» **EXERCISE DETAILS**
In this exercise, every entry is to be copied exactly.
*** INFORMATION SUPPLIED ***
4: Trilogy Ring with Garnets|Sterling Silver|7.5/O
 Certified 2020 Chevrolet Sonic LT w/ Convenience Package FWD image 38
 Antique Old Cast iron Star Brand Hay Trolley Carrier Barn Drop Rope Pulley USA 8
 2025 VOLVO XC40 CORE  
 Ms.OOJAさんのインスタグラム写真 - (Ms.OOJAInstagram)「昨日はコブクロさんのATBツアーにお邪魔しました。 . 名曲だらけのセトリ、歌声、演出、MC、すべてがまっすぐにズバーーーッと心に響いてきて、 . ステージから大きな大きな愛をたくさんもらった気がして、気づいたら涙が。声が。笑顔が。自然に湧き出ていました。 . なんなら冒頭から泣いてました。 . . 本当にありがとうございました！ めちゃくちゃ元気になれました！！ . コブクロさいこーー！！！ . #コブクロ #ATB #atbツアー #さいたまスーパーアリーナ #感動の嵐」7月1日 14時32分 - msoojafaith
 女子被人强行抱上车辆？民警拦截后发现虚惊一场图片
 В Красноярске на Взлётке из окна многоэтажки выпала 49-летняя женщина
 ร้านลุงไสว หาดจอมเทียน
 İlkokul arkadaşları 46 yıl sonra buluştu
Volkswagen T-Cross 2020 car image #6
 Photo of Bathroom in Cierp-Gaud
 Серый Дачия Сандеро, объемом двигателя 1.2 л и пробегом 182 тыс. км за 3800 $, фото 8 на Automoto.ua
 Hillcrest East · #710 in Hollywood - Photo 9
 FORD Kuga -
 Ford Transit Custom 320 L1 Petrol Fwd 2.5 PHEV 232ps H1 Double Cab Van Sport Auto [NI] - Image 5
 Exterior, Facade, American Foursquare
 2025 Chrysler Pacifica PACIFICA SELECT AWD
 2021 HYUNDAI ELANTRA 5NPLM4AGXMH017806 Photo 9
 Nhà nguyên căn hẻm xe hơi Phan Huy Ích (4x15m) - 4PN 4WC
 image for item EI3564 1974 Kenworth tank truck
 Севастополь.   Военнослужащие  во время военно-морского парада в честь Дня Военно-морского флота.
*** End of INFORMATION SUPPLIED ***
» **EXERCISE RESPONSE**
4: Trilogy Ring with Garnets|Sterling Silver|7.5/O
 Certified 2020 Chevrolet Sonic LT w/ Convenience Package FWD image 38
 Antique Old Cast iron Star Brand Hay Trolley Carrier Barn Drop Rope Pulley USA 8
 2025 VOLVO XC40 CORE  
 Ms.OOJAさんのインスタグラム写真 - (Ms.OOJAInstagram)「昨日はコブクロさんのATBツアーにお邪魔しました。 . 名曲だらけのセトリ、歌声、演出、MC、すべてがまっすぐにズバーーーッと心に響いてきて、 . ステージから大きな大きな愛をたくさんもらった気がして、気づいたら涙が。声が。笑顔が。自然に湧き出ていました。 . なんなら冒頭から泣いてました。 . . 本当にありがとうございました！ めちゃくちゃ元気になれました！！ . コブクロさいこーー！！！ . #コブクロ #ATB #atbツアー #さいたまスーパーアリーナ #感動の嵐」7月1日 14時32分 - msoojafaith
 女子被人强行抱上车辆？民警拦截后发现虚惊一场图片
 В Красноярске на Взлётке из окна многоэтажки выпала 49-летняя женщина
 ร้านลุงไสว หาดจอมเทียน
 İlkokul arkadaşları 46 yıl sonra buluştu
Volkswagen T-Cross 2020 car image #6
 Photo of Bathroom in Cierp-Gaud
 Серый Дачия Сандеро, объемом двигателя 1.2 л и пробегом 182 тыс. км за 3800 $, фото 8 на Automoto.ua
 Hillcrest East · #710 in Hollywood - Photo 9
 FORD Kuga -
 Ford Transit Custom 320 L1 Petrol Fwd 2.5 PHEV 232ps H1 Double Cab Van Sport Auto [NI] - Image 5
 Exterior, Facade, American Foursquare
 2025 Chrysler Pacifica PACIFICA SELECT AWD
 2021 HYUNDAI ELANTRA 5NPLM4AGXMH017806 Photo 9
 Nhà nguyên căn hẻm xe hơi Phan Huy Ích (4x15m) - 4PN 4WC
 image for item EI3564 1974 Kenworth tank truck
 Севастополь.   Военнослужащие  во время военно-морского парада в честь Дня Военно-морского флота.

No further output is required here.